あなたを人形にすることなんてできない
「どういう状況なのか、理解できたところで提案がある」
落ち着いた声でリーフが言う。
「何?」
衝撃からは立ち直れないが、その恨みをリーフに向けるでもなく顔を上げる。
「この様子からすれば、俺の魂はこの身体からどこかに出て行っているらしいことが推測される。傀儡師の能力から考えると、残っている魂を集めれば何とかなるんじゃないか?」
不思議そうに首を傾げるプリムにリーフは説明を続ける。
「プリムが俺を操作するために生成した人工精霊によって、俺の身体は満たされた状態にあるのだろう。つまり今の身体には俺自身の魂が抜けている、あるいは減っている状態だと考えるのが自然だ。ならば離れてしまった魂を見つけ、さっきの解除呪文で見つけた魂を定着させることができるはず。全部集めることさえできれば、人間に戻れる可能性があるんじゃないか?」
確信を持ってリーフは説明する。これは仮説だが、やらないよりはやったほうがよいだろうという判断である。人形の研究をも行う人形職人としての素直な探究心でもある。確認すべきことはまだいくらでもあるのだ。

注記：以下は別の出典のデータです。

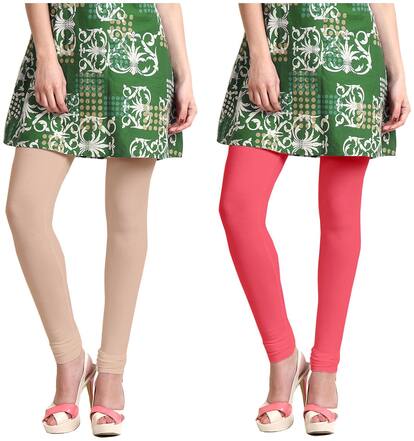 Lili Ultra Soft 160 GSM Churidar Stretch Leggings Pack of 2 (Free Size)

「そんな簡単に言わないでよね! あくまでもそれは仮説なんでしょ! 戻れるかもわからないのに、そんな気休めみたいなこと言わないでよ! それに、こんな状況でどう探せって言うの? この状況で旅をしろって言いたいわけ? 冗談じゃないわ!」
リーフの台詞に逆なでされた感情のままにプリムは言い放つ。
リーフは続ける言葉が浮かばない。プリムの言っていることは正しいとは言い切れないが、あながち否定できることではない。混乱しているプリムを説得できるような、そういう優しい台詞は全く浮かばなかった。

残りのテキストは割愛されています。